September 20, 2020

This Week in Human Rights News

 

Belarus Protests

Sources: Al Jazeera, NPR, BBC, The Guardian, EuroNews, UN News, Human Rights Watch

 
 
  • Alexander Lukashenko has been in power in Belarus for 26 years.

  • He is now Europe’s longest-serving leader.

  • On August 9, 2020, Belarus held national elections where Lukashenko was declared the winner in a landslide, with 80% of the vote. 

  • The opposition alleges fraud and considers opposition leader Svetlana Tikhanovskaya, who has taken shelter in Lithuania, to be the real winner.

  • Tsikhanouskaya entered the presidential race after her husband Sergei Tikhanovsky and another candidate, Viktor Babariko, were jailed.

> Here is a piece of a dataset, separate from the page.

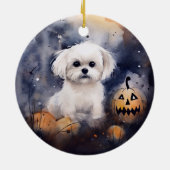 Halloween Maltese met pompoenen eng Keramisch Ornament (Achterkant)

A third, Valery Tsepkalo, was forced into exile.

  • The opposition movement was led by three women: Svetlana Tikhanovskaya, Tsepkalo's wife Veronika, and Babariko's campaign manager, Maria Kolesnikova. 

  • Their grassroots movement gathered tens of thousands of supporters.

  • She was projected to win with 80% of the vote, but the regime-run election commission claimed she only won 10%.

  • Following the election results, protests erupted, gathering unprecedented crowds of hundreds of thousands in Minsk, the capital.

  • They are calling for Lukashenko's resignation.

  • Protesters were met with violent repression. 

  • In the first few days after the vote, riot police arrested nearly 7,000 protesters and bystanders (over the course of 4 days).

  • They systematically beat and committed acts of torture against hundreds. 

  • Authorities also arrested and deported dozens of journalists. 

  • Most of the country’s political opposition leaders have been arrested or forced into exile.

  • Authorities have also threatened to fire people from their jobs for protesting.

  • For a time, the number of arrests dropped, but now they are ticking up again.

  • Police are detaining hundreds of people throughout the country, including students and prominent rights activists, grabbing them from home and work, accusing them of participating in past protests. 

  • On September 17, they arrested Maria Ryabkova, a human rights defender with Viasna, one of Belarus’s top human rights groups, who documented police torture in recent weeks.

  • One of Tikhanovskaya's campaign partners, Maria Kolesnikova, has been imprisoned and charged with undermining national security.

  • Nina Bahinskaya, a 73-year-old great-grandmother who has become an icon of the protest movement, was arrested this Saturday at a Women's March.

  • Today, almost a month and a half after the contested election, tens of thousands of opposition supporters marched in Minsk despite authorities deploying a heavy police presence.

  • The protest comes after riot police cracked down on peaceful female demonstrators on Saturday who had come out wearing shiny accessories for a so-called "Sparkly March".

  • Police dragged protesters into vans, lifting some women off their feet and carried them.

  • Anonymous hackers also leaked the personal data of 1,000 Belarusian police officers in retaliation for a crackdown on street demonstrations this Saturday.